Two student groups, LEAP and the Society of Environmental Engineers and Scientists (SEES), have also been active in pushing for a greener campus, working on composting and community gardening, helping with the Corn on the Quad project, and exchanging incandescent light bulbs for compact fluorescent light bulbs.
Tom DeFazio, coordinator of chemical and environmental engineering labs, and Don Brinker, assistant supervisor of mechanical trades for plant operations, have been coordinating the installation of the water refilling stations around campus.
“I really enjoyed collaborating with the students on this project,” says DeFazio. “The team was presented with a real-world problem which required a lot of hands-on engineering. Overall, I think it was a great learning experience for them and the entire College community benefited from the results.”

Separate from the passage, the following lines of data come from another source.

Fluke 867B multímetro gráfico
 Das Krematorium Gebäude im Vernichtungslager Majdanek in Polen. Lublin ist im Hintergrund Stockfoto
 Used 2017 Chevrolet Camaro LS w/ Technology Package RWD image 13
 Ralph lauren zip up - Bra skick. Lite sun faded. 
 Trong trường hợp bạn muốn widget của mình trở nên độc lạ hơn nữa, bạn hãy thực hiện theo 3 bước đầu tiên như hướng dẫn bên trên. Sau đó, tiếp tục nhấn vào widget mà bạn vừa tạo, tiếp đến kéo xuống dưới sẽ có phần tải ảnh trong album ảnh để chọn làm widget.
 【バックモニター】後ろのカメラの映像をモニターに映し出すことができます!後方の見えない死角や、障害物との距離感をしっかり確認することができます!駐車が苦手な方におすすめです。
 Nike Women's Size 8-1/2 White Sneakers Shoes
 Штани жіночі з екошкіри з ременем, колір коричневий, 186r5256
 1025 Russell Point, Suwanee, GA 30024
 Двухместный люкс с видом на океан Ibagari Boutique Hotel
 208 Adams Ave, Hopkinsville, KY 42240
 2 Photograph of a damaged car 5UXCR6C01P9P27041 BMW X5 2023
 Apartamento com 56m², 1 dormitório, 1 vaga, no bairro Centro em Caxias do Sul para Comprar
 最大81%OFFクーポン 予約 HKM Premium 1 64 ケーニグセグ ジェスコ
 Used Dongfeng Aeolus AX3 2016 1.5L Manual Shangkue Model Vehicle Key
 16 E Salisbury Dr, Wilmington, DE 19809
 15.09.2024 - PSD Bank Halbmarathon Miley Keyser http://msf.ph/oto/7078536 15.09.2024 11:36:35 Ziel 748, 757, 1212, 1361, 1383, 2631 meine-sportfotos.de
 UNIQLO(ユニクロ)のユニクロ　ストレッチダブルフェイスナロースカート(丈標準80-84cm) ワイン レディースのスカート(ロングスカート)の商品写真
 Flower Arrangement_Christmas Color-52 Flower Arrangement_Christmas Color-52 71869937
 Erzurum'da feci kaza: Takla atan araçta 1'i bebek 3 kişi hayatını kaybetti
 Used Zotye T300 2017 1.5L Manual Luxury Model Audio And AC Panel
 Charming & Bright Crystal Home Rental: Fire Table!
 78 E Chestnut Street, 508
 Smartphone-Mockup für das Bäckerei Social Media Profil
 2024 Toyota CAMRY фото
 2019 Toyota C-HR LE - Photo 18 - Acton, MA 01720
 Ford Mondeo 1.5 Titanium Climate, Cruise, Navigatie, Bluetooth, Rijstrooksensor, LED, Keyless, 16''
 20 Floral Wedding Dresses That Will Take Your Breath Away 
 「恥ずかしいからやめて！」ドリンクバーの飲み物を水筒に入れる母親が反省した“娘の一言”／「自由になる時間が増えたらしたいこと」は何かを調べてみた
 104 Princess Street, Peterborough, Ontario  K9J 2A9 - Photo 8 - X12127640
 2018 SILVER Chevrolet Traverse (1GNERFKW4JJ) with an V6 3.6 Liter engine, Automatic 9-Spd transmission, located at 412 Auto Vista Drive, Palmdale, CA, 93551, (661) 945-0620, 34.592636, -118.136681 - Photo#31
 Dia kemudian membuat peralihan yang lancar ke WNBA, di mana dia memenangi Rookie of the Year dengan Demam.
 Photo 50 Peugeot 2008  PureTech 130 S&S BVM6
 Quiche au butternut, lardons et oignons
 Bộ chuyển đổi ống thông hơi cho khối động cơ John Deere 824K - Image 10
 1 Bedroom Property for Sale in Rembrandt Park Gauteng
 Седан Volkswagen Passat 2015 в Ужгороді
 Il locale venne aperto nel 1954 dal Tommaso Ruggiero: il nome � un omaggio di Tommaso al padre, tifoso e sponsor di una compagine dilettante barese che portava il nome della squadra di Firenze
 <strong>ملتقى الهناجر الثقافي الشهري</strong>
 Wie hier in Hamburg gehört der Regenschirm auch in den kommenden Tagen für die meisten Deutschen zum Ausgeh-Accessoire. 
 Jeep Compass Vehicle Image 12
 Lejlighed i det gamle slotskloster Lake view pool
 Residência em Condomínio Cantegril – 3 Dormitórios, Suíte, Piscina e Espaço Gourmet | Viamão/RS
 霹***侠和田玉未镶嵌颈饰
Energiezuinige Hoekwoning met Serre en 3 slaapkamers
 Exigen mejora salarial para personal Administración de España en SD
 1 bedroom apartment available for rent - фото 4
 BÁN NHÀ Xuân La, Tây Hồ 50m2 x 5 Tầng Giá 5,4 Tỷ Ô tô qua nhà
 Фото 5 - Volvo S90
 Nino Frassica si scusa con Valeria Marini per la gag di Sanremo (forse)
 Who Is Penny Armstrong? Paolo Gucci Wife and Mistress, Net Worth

Water refilling stations can currently be found on the third (main) floor of Acopian Engineering Center, first floor of Farinon College Center, the first floor of Hugel Science Center, second (main) floor of Oechsle Hall, and three locations in Kirby Sports Center. Retrofits are planned this summer for fountains in Pardee Hall, Kirby Hall of Civil Rights, Markle Hall, and either Skillman Library or Williams Center for the Arts.